== Work order ==
Using the listing below, give again exactly the lines from the line with "Gira-Discos DIGITNOW DN-TB-01" to the line with "Black kids snow", inclusive, without the pictures.

== Information shown ==
▬▬▬▬▬▬▬▬▬▬
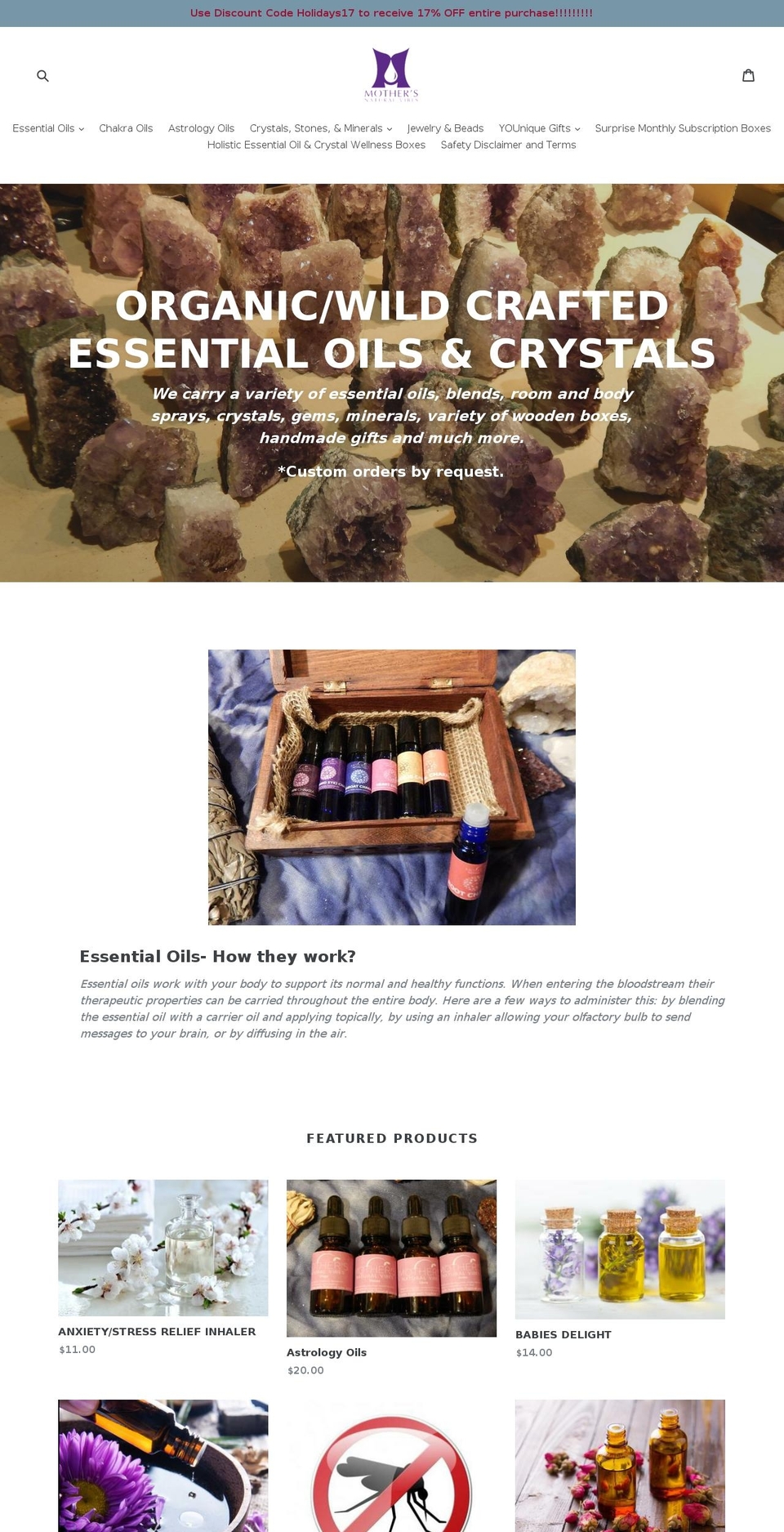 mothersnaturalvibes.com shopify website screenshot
▬▬▬▬▬▬▬▬▬▬
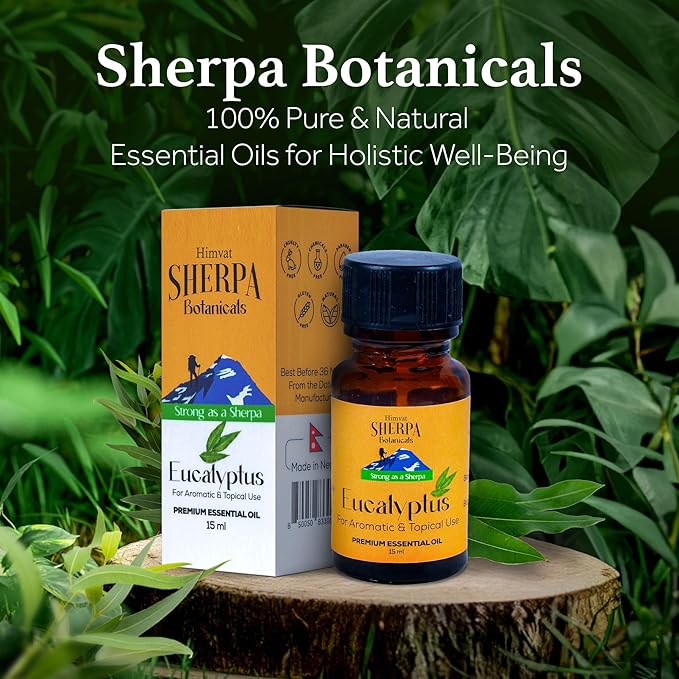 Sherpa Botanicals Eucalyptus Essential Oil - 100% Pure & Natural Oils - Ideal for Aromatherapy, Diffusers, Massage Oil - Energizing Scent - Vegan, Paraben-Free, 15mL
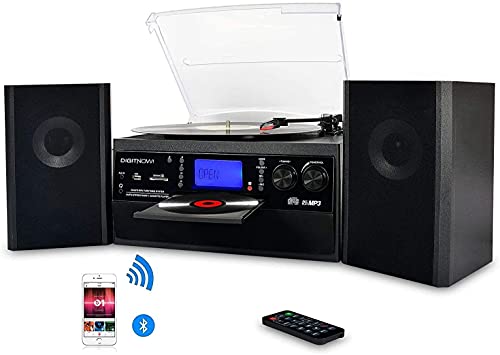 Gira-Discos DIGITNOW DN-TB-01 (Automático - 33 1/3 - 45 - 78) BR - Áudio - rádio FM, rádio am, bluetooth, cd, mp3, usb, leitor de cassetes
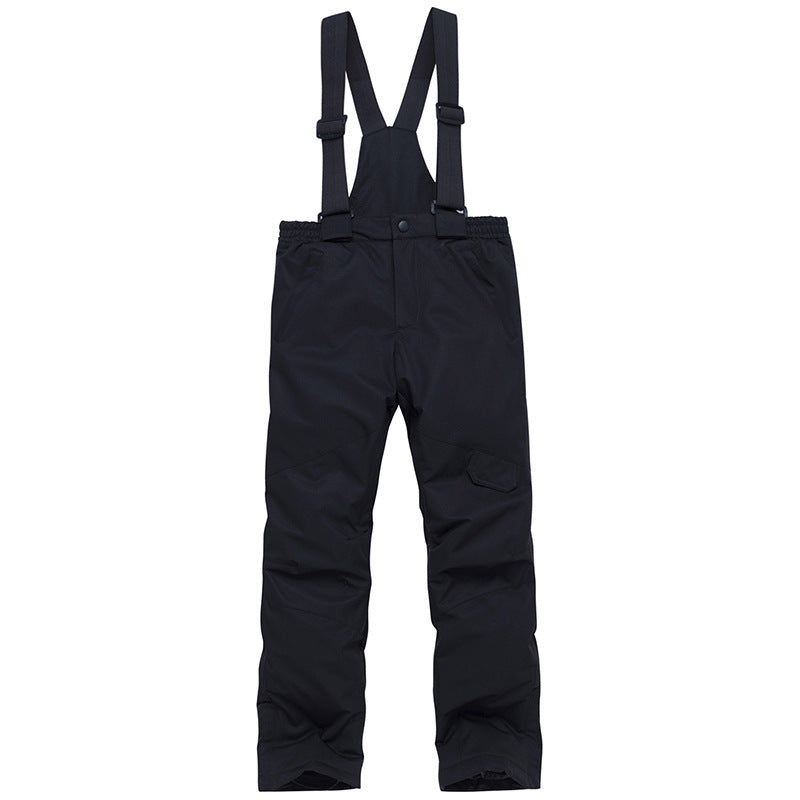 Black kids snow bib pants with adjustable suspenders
▬▬▬▬▬▬▬▬▬▬
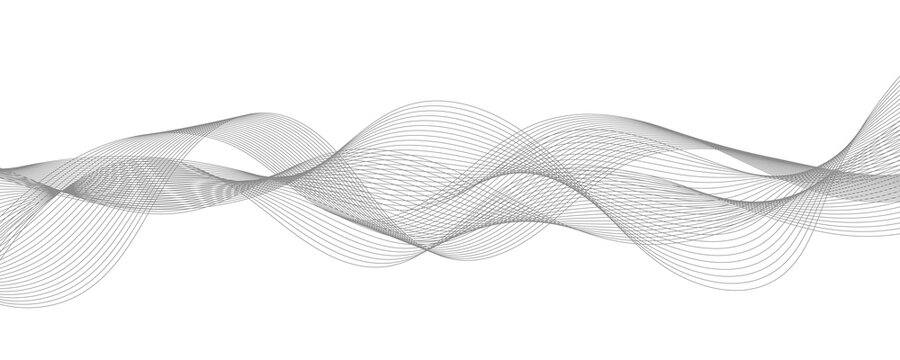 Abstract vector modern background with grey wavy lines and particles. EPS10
▬▬▬▬▬▬▬▬▬▬
== Response to the task ==
 Gira-Discos DIGITNOW DN-TB-01 (Automático - 33 1/3 - 45 - 78) BR - Áudio - rádio FM, rádio am, bluetooth, cd, mp3, usb, leitor de cassetes
 Black kids snow bib pants with adjustable suspenders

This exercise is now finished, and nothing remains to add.